-- ACTIVITY --
Some lines of these records may hold the word "kitchen"; state how many, using only the number.

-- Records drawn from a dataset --
# # # # # # #

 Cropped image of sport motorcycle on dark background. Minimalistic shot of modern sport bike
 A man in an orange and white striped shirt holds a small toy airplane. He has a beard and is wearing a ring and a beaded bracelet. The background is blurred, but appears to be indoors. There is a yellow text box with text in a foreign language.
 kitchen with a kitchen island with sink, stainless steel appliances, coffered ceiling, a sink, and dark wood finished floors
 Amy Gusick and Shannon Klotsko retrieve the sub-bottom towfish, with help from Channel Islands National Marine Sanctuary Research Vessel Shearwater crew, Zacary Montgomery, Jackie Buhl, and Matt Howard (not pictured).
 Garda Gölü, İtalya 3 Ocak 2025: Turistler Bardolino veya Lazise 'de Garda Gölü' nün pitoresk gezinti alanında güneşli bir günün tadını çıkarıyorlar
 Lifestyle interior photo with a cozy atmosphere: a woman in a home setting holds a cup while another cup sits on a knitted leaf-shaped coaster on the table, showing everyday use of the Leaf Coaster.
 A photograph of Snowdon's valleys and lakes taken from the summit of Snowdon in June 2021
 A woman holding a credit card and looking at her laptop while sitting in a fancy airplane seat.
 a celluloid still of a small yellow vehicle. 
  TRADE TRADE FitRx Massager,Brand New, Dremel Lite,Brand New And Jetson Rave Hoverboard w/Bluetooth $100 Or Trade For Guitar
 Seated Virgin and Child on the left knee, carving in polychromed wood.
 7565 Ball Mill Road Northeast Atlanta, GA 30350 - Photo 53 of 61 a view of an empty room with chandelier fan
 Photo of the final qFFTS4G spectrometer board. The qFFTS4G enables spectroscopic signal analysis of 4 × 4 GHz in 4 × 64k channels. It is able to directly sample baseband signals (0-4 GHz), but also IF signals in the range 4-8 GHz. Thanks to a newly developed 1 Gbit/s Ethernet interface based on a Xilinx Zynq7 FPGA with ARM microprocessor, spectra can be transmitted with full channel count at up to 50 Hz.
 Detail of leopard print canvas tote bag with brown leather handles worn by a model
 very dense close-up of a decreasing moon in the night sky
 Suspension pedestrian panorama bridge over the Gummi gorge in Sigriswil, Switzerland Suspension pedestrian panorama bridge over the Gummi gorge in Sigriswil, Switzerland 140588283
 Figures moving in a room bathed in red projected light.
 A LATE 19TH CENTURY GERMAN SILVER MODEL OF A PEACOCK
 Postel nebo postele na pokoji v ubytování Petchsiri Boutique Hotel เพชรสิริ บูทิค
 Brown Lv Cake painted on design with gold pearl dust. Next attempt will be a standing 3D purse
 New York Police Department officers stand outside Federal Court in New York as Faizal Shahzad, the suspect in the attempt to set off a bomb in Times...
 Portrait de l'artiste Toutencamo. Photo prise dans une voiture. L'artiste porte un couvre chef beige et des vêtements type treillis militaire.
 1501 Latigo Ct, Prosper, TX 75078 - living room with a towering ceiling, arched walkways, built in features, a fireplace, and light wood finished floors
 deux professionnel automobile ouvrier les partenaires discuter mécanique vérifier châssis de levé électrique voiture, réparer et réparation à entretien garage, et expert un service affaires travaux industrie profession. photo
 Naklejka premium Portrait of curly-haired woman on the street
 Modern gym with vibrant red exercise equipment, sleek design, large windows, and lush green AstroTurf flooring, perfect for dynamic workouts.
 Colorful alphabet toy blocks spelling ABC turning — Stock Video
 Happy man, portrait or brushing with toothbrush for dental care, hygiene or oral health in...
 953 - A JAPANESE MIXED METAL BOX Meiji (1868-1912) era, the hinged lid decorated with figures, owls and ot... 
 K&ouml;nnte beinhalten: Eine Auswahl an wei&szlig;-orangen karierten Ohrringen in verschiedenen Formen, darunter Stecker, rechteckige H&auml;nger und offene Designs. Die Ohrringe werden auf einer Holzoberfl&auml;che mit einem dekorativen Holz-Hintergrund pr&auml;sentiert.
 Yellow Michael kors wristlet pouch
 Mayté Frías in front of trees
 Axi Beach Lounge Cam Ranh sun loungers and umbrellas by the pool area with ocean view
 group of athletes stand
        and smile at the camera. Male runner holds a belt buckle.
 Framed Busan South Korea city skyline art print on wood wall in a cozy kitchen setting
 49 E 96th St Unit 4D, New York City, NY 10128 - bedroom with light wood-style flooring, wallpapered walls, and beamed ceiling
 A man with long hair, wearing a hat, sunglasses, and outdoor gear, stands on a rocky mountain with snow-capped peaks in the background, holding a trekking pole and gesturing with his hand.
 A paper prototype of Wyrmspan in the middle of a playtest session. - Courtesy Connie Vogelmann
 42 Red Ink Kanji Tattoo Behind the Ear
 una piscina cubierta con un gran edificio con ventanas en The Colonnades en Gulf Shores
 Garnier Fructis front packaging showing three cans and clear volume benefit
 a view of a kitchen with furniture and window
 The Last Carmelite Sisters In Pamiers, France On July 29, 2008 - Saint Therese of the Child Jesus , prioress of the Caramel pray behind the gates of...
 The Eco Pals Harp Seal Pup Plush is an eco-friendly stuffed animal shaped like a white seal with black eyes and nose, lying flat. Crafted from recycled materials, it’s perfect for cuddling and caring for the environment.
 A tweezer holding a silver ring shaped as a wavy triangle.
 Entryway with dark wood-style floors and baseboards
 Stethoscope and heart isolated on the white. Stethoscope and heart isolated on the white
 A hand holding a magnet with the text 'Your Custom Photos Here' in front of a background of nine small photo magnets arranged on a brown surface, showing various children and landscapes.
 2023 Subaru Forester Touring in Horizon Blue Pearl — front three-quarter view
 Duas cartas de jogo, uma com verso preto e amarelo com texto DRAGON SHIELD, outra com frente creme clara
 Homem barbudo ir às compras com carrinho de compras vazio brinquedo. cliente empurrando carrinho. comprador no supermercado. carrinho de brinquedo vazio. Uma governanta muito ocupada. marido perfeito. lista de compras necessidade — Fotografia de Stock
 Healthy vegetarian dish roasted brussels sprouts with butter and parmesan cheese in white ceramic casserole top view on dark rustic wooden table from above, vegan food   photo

# # # # # # #

-- SOLUTION BELOW --
3